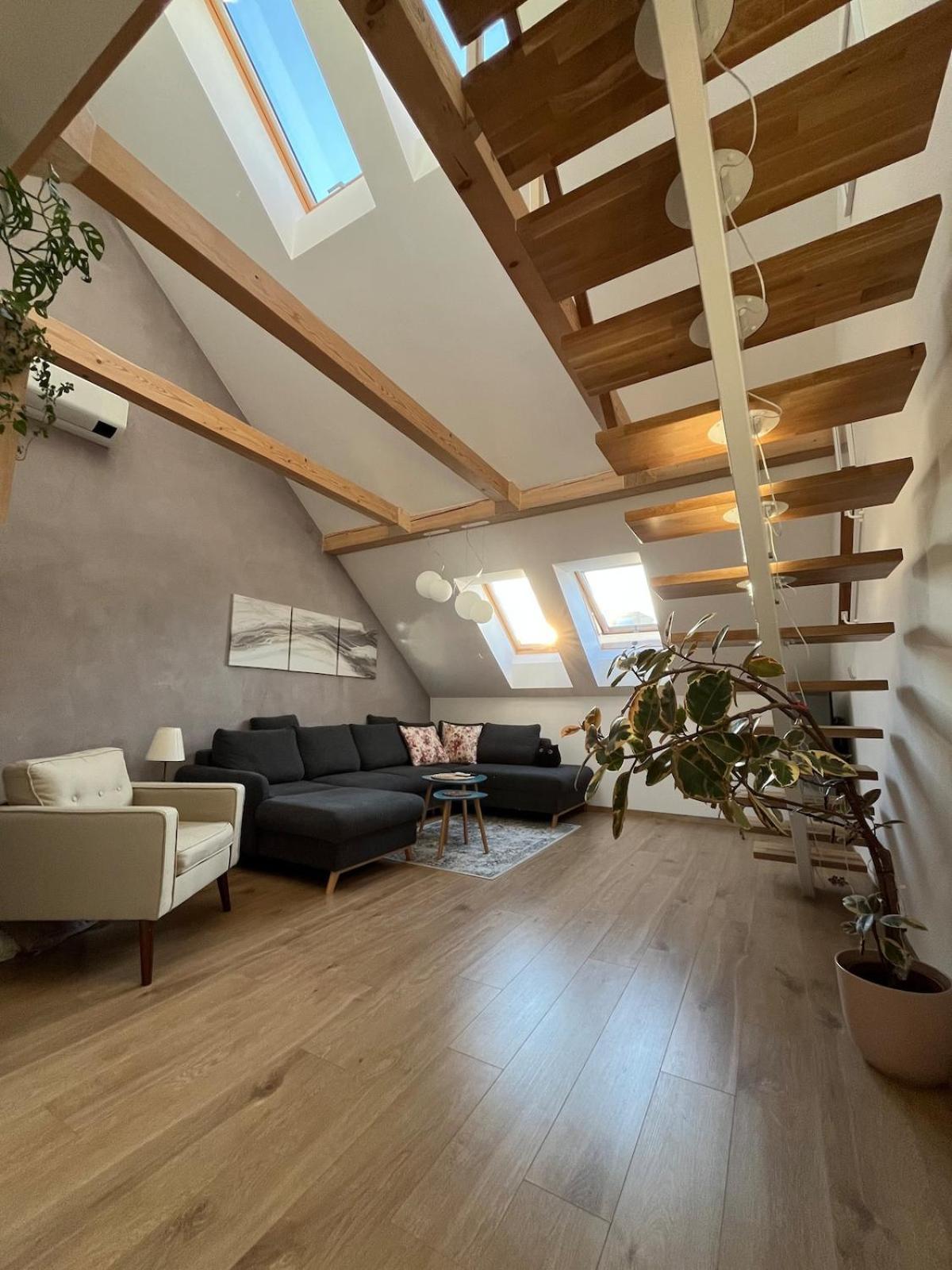 Chic & Design Maisonette For Your City Getaway Appartamento *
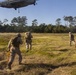 Combat Logistics Battalion 26 conducts helicopter suspension training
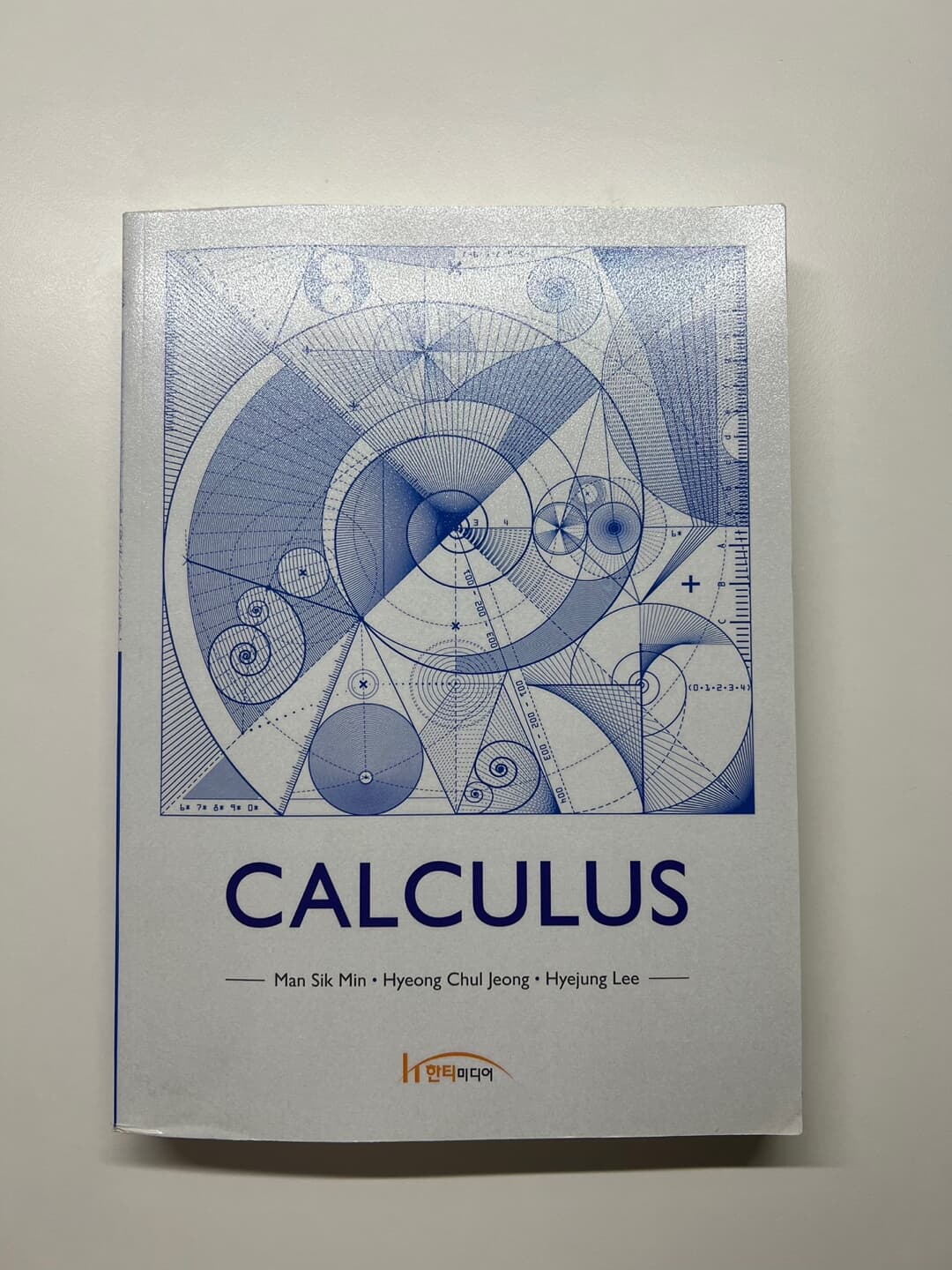 CALCULUS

──────

Transcribe the whole listing exactly. Pictures stay out of your copy.

## Output below
 Chic & Design Maisonette For Your City Getaway Appartamento *
 Combat Logistics Battalion 26 conducts helicopter suspension training
 CALCULUS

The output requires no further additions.